Myanmar or Burma, is a country in South East Asia that is ruled by a military regime and is probably more famous (in the West at least) for its abuse of human rights track record than most other places in the world. It is also one of the poorest countries in the world, economy wise.
However, Myanmar is also a country steeped in a rich heritage, and equally famous (among jewelers) for its gemstones, predominantly rubies. In fact, Myanmar supplies close to 90% of the world’s rubies, and many fine sapphires, spinels, and jadeite originate from Myanmar as well. The export of gems constitute a major revenue source for this impoverished nation, forming one of its key exports.
The United States has imposed sanctions on Myanmar for a while now, citing its human rights record. This has also banned US gem dealers from importing any gemstones from Myanmar, because the sanctions cover all kinds of Burmese imports. Many other nations also restrict, or forbid trade and ties with Myanmar.
Why then, does Myanmar gemstones find their way all around the world?
The general answer is simple – The gemstone trade is too large to ignore. Because Myanmar supplies some of the best gemstones in the world, there is but a fat chance that the export of gemstones from Myanmar can be prevented in totality. Much like trying to prevent cocaine exports from Colombia.
The specific answer – Thai merchants or middle men buy up a large percentage of Myanmar’s gemstones and then resell them cheaply to any international buyer. It may be that US companies won’t buy them from Myanmar, or even from Thailand (where the majority of Myanmar gemstones are cut). But what if the middlemen trail stretches on a bit longer? Complete with polish and grinding?

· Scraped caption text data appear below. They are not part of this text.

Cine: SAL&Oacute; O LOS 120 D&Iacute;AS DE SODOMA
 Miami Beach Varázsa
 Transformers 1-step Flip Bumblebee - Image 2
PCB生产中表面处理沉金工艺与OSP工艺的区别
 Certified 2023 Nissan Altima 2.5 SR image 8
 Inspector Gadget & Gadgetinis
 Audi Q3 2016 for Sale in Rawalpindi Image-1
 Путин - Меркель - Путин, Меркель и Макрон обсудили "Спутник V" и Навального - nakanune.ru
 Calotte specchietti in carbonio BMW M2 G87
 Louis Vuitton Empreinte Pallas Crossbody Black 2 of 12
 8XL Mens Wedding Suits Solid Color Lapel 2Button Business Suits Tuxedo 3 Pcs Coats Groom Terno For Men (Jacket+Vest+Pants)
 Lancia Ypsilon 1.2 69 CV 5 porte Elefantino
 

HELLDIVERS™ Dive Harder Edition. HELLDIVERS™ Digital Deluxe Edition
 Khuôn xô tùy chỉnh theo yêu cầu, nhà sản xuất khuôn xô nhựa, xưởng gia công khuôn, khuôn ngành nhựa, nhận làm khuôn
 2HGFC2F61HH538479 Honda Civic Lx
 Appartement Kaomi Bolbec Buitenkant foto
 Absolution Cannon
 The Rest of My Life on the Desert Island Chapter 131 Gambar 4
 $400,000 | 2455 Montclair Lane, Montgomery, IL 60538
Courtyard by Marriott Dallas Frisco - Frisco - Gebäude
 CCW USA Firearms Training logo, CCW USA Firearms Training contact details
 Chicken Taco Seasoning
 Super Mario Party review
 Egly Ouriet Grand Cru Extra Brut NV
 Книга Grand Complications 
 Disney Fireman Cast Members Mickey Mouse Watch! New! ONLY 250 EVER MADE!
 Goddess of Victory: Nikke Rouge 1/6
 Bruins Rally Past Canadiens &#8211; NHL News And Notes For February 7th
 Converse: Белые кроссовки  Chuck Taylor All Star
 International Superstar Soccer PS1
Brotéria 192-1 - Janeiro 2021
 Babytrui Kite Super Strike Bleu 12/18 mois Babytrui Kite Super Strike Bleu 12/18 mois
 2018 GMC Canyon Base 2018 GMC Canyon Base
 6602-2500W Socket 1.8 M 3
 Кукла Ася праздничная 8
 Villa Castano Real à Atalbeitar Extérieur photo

If 90% of all rubies worldwide originate from Myanmar, you’d have to practically close down the ruby gemstone trade altogether, which is a bit far fetched, as the demand for rubies is virtually, universal.
The large picture.
It is quite impossible to prevent gemstones from Myanmar from “leaking out.” Unless the world forgoes on rubies altogether, but I don’t think that is likely to happen. As tempting as the red of the ruby is to the eye, you should also bear in mind that the rubies and other gemstones of Myanmar were often mined amidst harsh living conditions of the Myanmar miners.